Według ISW w czwartkowym orędziu Putin "uciekł się do przebrzmiałej retoryki o negocjacjach i pobrzękiwania nuklearną szabelką", prawdopodobnie po to, by zwrócić uwagę Zachodu na swoje przemówienie w celu propagowania operacji informacyjnych Kremla.

"Putin i urzędnicy rosyjscy często odwołują się do groźby nuklearnej, by wzbudzić lęk wśród zachodnich odbiorców i osłabić wsparcie Zachodu dla Ukrainy" – zauważył ISW.

Think tank podkreślił, że Putin nadal zabiega o osiągnięcie na Ukrainie maksymalistycznych celów, polegających na pełnej kapitulacji państwa, a także dąży do osłabienia i rozbicia NATO. Cele te – jak podkreślił ISW – są z całą pewnością traktowane przez Putina jako "integralna część rosyjskich interesów narodowych".

W ocenie ISW najnowsza operacja informacyjna Kremla polega m.in. na pozorowaniu zainteresowania negocjacjami w celu uzyskania prewencyjnych ustępstw Zachodu dotyczących suwerenności i integralności terytorialnej Ukrainy.
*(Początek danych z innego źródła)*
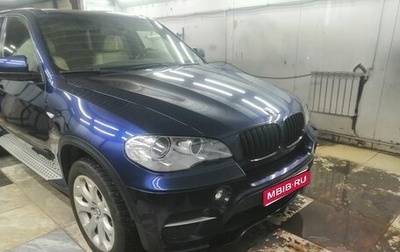 BMW X5, 2010 год, 1 800 000 рублей, 1 фотография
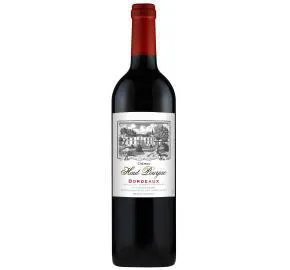 Bordeaux Chateau Haut Pourjac 12631-21 Point Wine Spirits
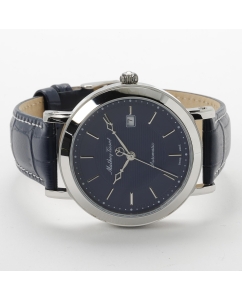 Купить Швейцарские механические наручные часы Mathey-Tissot HB611251ATABU  в E-mobi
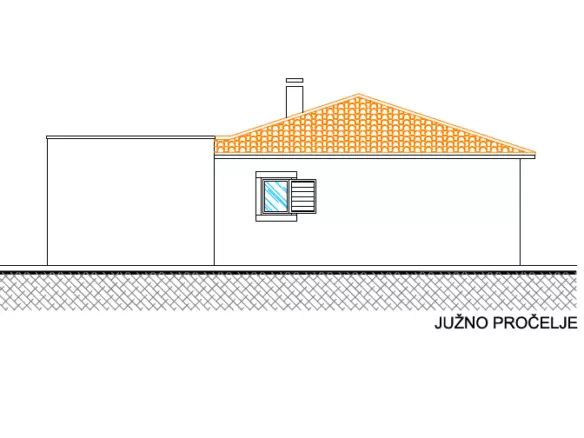 Land In Labin, Croatia (1.402 M²)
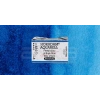 Schmincke Horadam Aquarell 1/1 Tablet 484 Phthalo Blue seri 1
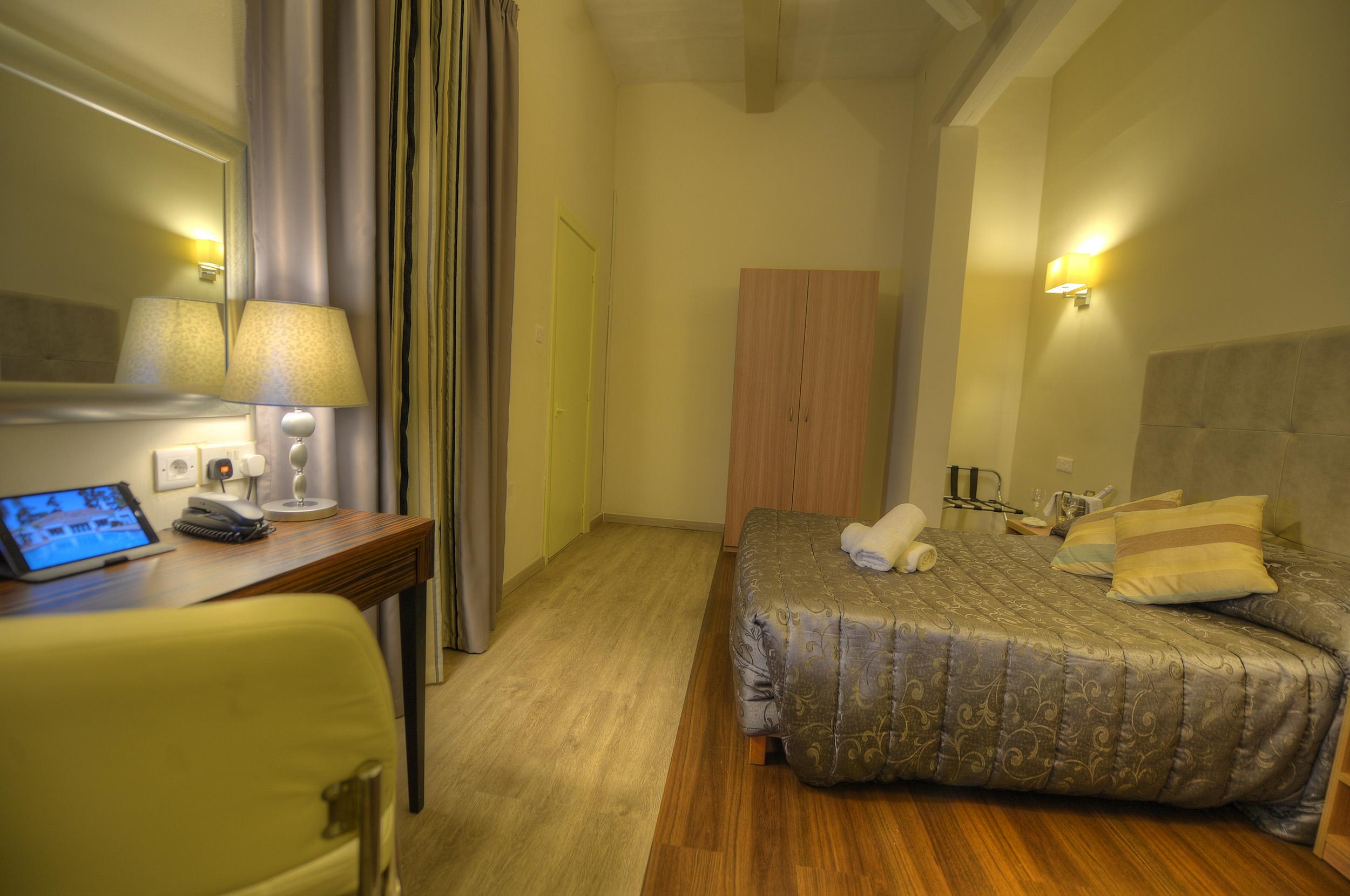 Europa Hotel Σλιέμα Εξωτερικό φωτογραφία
ISW zwrócił uwagę na fakt, że Putin nie poświęcił większości przemówienia wojnie, tylko planowanej polityce gospodarczej i programom socjalnym, a uczynił tak zapewne dlatego, by osłabić rosnące zaniepokojenie mieszkańców konsekwencjami wojny przeciw Ukrainie dla zwykłych Rosjan. Instytut przypomniał, że wydatki obronne Rosji na ten rok wzrosły do rekordowego poziomu.